Official mail archive available

After several iterations, we now now a “offical” archive of discussions on the dragonflybsd lists. This pulls right from the news server. It’s currently updated every 2 hours. Credit’s due to Matt and Hiten for hitting me with ideas for it, and for adding the support applications.

There’s still some work to be done: Search functions, raw messages, and archive downloads. That’ll be the next version.

Other archives out there:
http://marc.theaimsgroup.com/
http://www.gmane.org/ (dragonflybsd.kernel only)

ehci Ejection

Matt Dillon noted that removing ‘device ehci’ from your kernel configuration will cause the USB 2.0 ports to switch down to USB 1.1. This may be needed to make certain USB chipsets work.

Java rumors

Sun is reportedly thinking about open-sourcing Java. There’s no timeline or specific commitment, so it all could be rumors. While Java for FreeBSD works on DragonFly (or so I’ve heard), it’d be nice to have it work officially, without jumping through license hoops.

Doc to do

Thomas Belian made a post to dragonfly.docs asking if a translation of the documentation to German would help. I made a reply that is probably worth repeating:

“It would be nice to have; you may want to wait until the documentation is more “settled”, probably after the 1.0 release. If you’d like to write original documentation, that would help too, and that can be done right
now.

We could use an extended section on networking setup, and a section on ports. If you check out the cvs target ‘doc‘, you can base it off the files there. Specifically, copy one of the chapter.sgml files in a directory under /doc/en/books/userguide/ and start working. If you are unfamiliar with the markup, you can read up on it at http://www.docbook.org/tdg/en/html/docbook.html

Ports link, refreshed

Discussion of an improved/replaced ‘ports’ system ran on for a bit on dragonfly.kernel, and Eirik Nygaard reposted an important link: Simon ‘corecode’ Schubert’s extensive writeup.

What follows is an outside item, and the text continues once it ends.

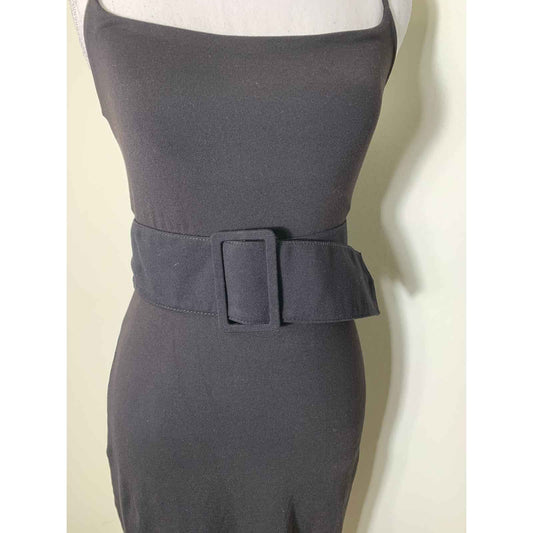 Susana Monaco Black Spaghetti Strap Belted Body Con Below The Knee Dress Sz xs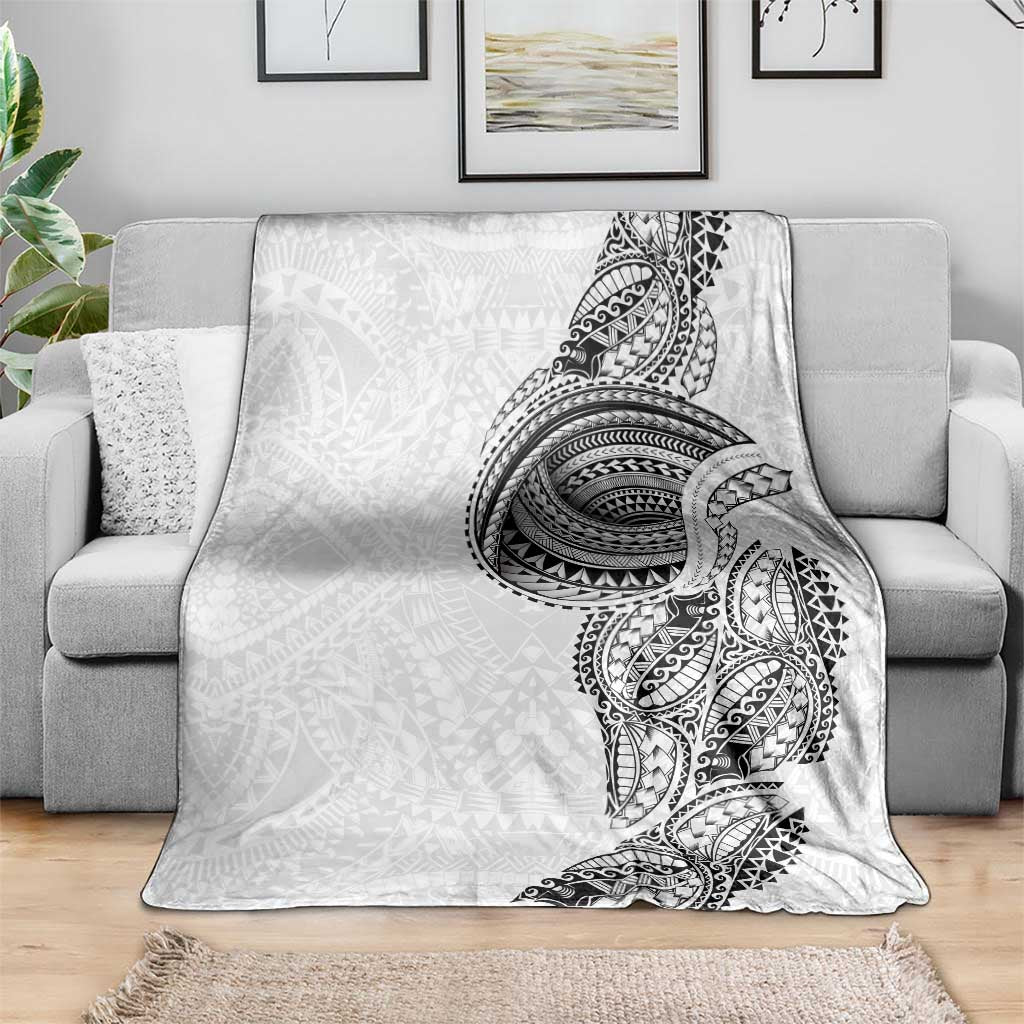 Traditional Polynesian Art Tattoos Blanket White Color - Polynesian Pride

(Watch for subtle hint!) It’s good enough to serve as a task outline for anyone contemplating ports work. (end hint)

Why not apt-get?

Matt Dillon mentioned that he’s considering using apt-get combined with VFS to create a sort of ‘per-user’ port visibility. Quoting his examples:

“So the ‘apache user’ might only have 10 ports installed (and only access to those 10) while a GUI user might have 50 ports installed (and only access to those 50). Overlaps would be allowed… the environments would be considered independant.

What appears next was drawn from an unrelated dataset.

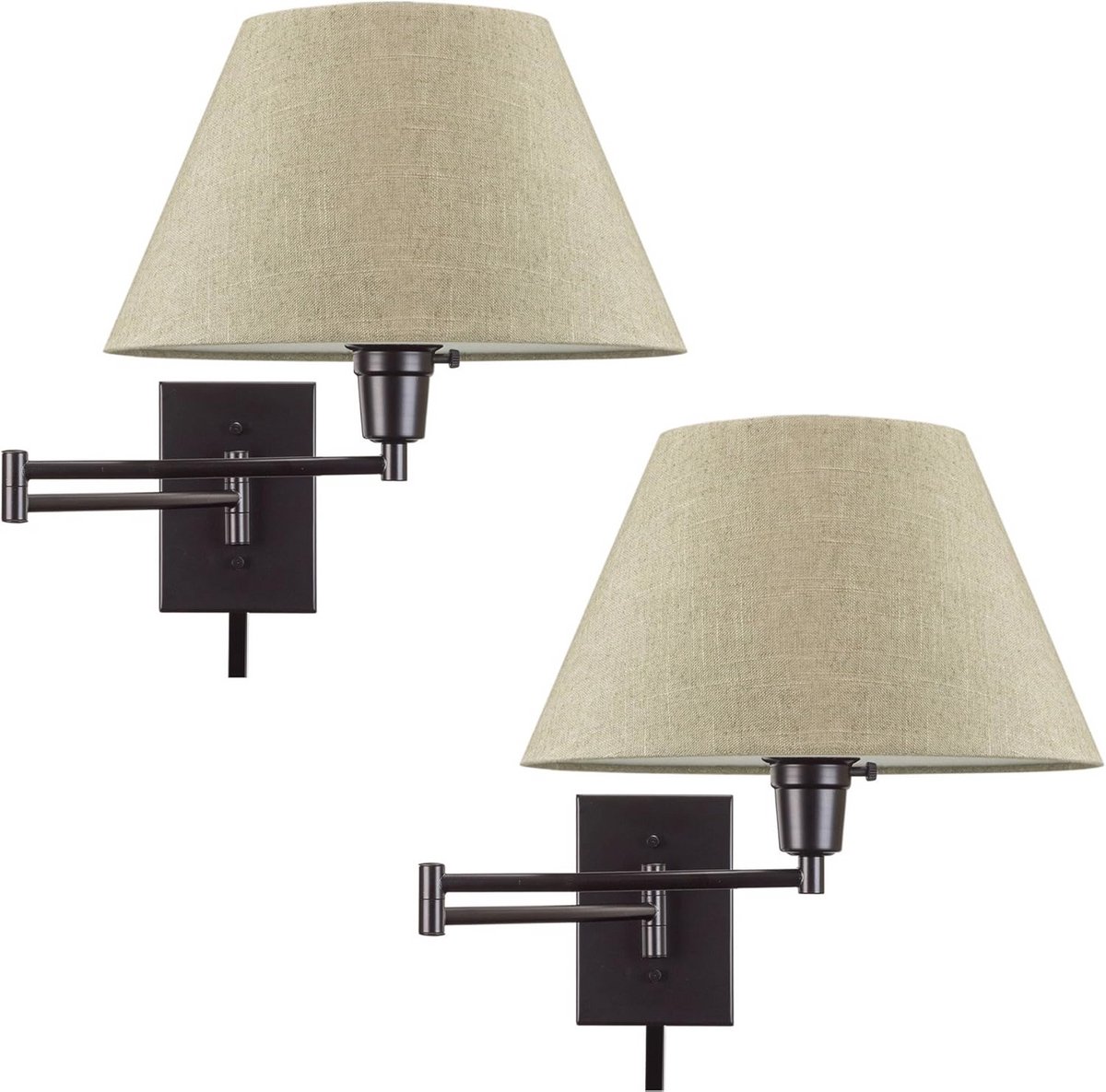 Moderne wandlamp met verstelbare zwenkarm en beige lampenkap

Such environments would also enforce basic isolation/separation/security features such as “/usr is read-only except for /usr/local”, and would be stackable, but instead of trying to use them on a per-package basis we would use them on a per-user basis (or something like that).

This gives us the best of both worlds in my view.

This would mean a new ‘port’ system would have to wait until VFS is finished, though using apt-get without the per-user separation would be achieveable almost immediately.